The song is in the key of B flat and written in 4/4. The alternative version on Anthology 3 is in the key of A major. During May 1968, the Beatles gathered at George Harrison's Esher home, in Surrey, to record demos for their upcoming project. "Ob-La-Di, Ob-La-Da" was one of the twenty-seven demos recorded there. Paul performed this demo solo, with only an acoustic guitar. He had also double-tracked his vocal, which was not perfectly synchronised, creating an echoing effect.

According to studio engineer Geoff Emerick, John Lennon "openly and vocally detested" the song, calling it Paul's "granny music shit".[5] Lennon left the studio during a recording of the song (after several days and literally dozens of takes of the song, trying different tempos and styles), then returned while under the influence of marijuana, went immediately to the piano and played the opening chords much louder and faster than before. He claimed that was how the song should be played, and that is the version they ended up using.[6]

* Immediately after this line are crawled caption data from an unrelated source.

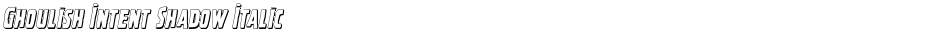 Ghoulish Intent Shadow ItalicDemo
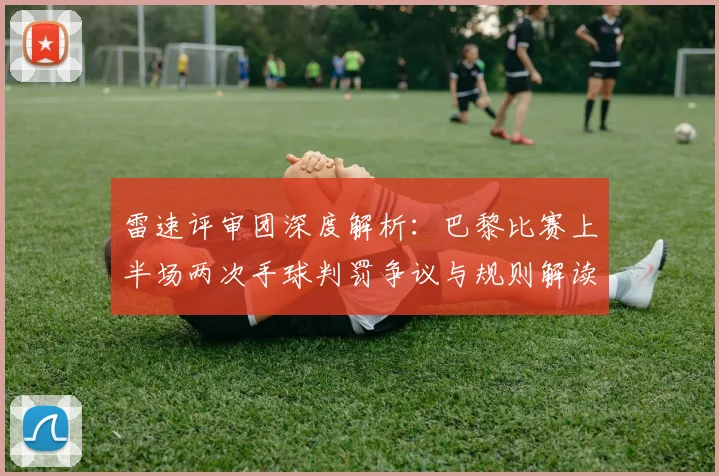 雷速评审团深度解析：巴黎比赛上半场两次手球判罚争议与规则解读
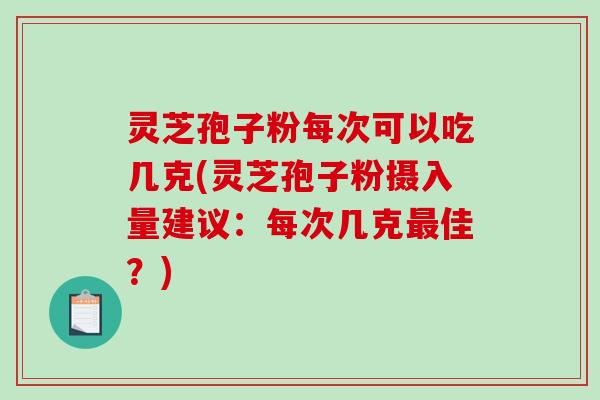 灵芝孢子粉每次可以吃几克(灵芝孢子粉摄入量建议:每次几克最佳?)-第1张图片-破壁灵芝孢子粉研究指南 灵芝孢子粉每次可以吃几克(灵芝孢子粉摄入量建议:每次几克最佳?)-第1张图片-破壁灵芝孢子粉研究指南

When singing the vocals for the song, specifically the last verse of the song when sung the second time, McCartney made a slip and said "Desmond stays at home and does his pretty face", rather than Molly, and had Molly letting "the children lend a hand". Reportedly, this mistake was kept in because the other Beatles liked it.[7] George Harrison and Lennon yell "arm" and "leg" during a break in the song; between the lines "...Desmond lets the children lend a hand" and "Molly stays at home..."[8]

The lyrics for "Savoy Truffle", composed by Harrison and also on The Beatles, include the line "We all know ob-la-di-bla-da, but can you show me where you are."[9]

The intro of this song is heard on the Beatles' 1968 Christmas Record.